Clark's grim expression softened. "I know."
"So do I." That hadn't been difficult, either. He must have lost more blood than he'd realized.
Clark started to smile. "I know."
"Clark." Lex drew a quick breath. "Your father is right. I'm dangerous."
"Yeah, I can tell. If I'm not careful you'll bleed on me."
"I just don't know whether I'm more dangerous close to you or far away."
Clark sighed. "Lex. I don't want you to go."
"If I'm close to you, I draw my father's attention to you."
"Do you ever stop thinking?"
"And if I'm far away I can't--"
"Protect me? Geez, Lex. Who's carrying who here?"
"I know him, Clark. I know how he thinks and what he's capable of. You don't."
"No," Clark said quietly. "I don't."
Lex pressed on. "We don't know how much Roger told him. We don't know if he knows about your ... allergy to meteorites. If he does, then I've put your life in danger and I have to do something about that--"
"Like what?" Clark came to a halt halfway between the barn and the house, staring into Lex's face.
Lex swallowed, suddenly queasy. "Whatever it takes to make sure he doesn't--"
"Like giving Eli some more night work?"
"Of course not," Lex lied quickly.
Clark went white. "We're not ... killing people, Lex."
Lex flinched at the sound of the words; he would have preferred a euphemism. "You don't know how far he's willing to go. What he'd do to have control over someone like you. What he'd do to break you. Eli's information won't hold him forever, and I don't have a Plan B."
"I don't care." Clark's voice dropped to a whisper. "That's his game, Lex. We lose if we play. I'm not going to have blood on my hands, or on yours."
"Then what the hell are we--" Lex caught himself succumbing to the seductive idea and shoved it away determinedly. "--am I supposed to do? Ask him nicely not to destroy your life?"
"We'll think of something. Together." Clark started walking again, color returning to his face. "And for what it's worth, I think leaving is exactly what he'd expect you to do."
"Of course it is," Lex muttered. "With my tail between my legs. What's your point?"
"My point is maybe you shouldn't. There are lots of places around here you could--"
"Live. Work. Do what you need to do to get your life back. And to stop him and ... his son from hurting anybody else."

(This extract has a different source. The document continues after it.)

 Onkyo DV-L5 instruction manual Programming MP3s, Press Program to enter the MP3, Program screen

Lex couldn't help laughing. "You want me to build a hideout?"
Clark shrugged. "Lots of abandoned houses around here with storm cellars."

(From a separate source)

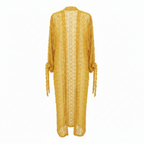 SHEIN Women's Yellow Textured Fringed Long-Line Kimono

"Great," Lex sighed. The problem with this idea was that it made sense. "I've always wanted to live in a hole with a light bulb hanging in it."

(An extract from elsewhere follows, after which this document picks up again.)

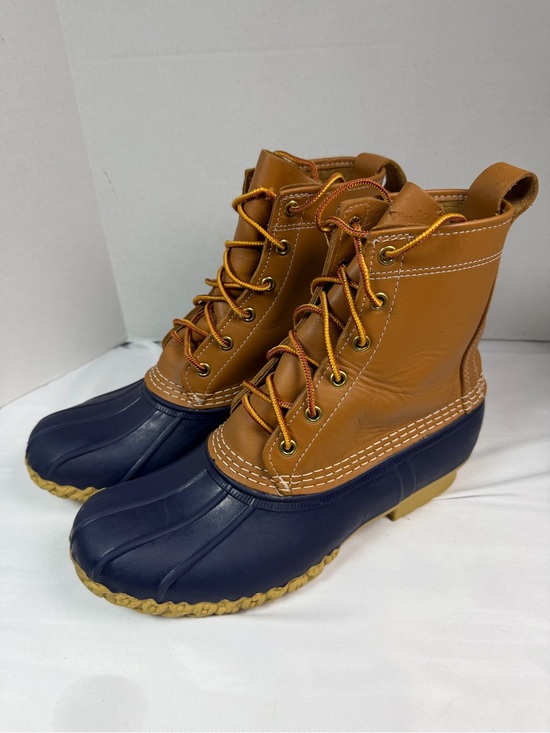 L.L. Bean Shoes - LL Bean Boots Tan Leather Navy Rubber Duck Boot Outdoors Size 9M See Note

"Safest place to be in a storm," Clark said gently.
Lex managed not to kiss him. Barely. Managed not to tell him that the safest place to be in a storm was right where he was, in Clark Kent's arms. Fuck, and he'd thought he'd been in trouble before. He wondered how good Jonathan was with that shotgun of his. "You just want to keep me within easy rescuing distance," he said unsteadily. "You're developing a complex, Clark."
Clark rewarded him with a wry smile. "No kidding."
Lex could smell breakfast, could hear the classic rock station Martha was listening to in the kitchen; he felt his aching body relax against Clark. He puzzled over the concept of someone wanting to protect him without expecting anything in return, over the implausibility of being someone else's agenda. "There's something I haven't told you."
Clark snorted. "I'm shocked."
"After Pinocchio kills him? The cricket comes back to life."
Clark's eyes widened, then he exploded into laughter that echoed across the barnyard. "You jerk."
"No, seriously. He comes back to life."
Clark shook his head, still laughing. "That is ... that is one tough bug."
"I'd say that's an accurate assessment."
"And if I were Pinocchio I wouldn't piss him off."
"My thoughts exactly."
"So does Pinocchio ever apologize for being such an asshole?"
Lex grinned at him. "Absolutely. And it's a very sincere apology, too." He settled his good arm around Clark's neck. "You know, I could get used to this."
Clark came to a halt outside the kitchen door, grinning back at him, warming Lex from the inside out. "Get the door, mastermind," Clark said affectionately. "I only have six hands."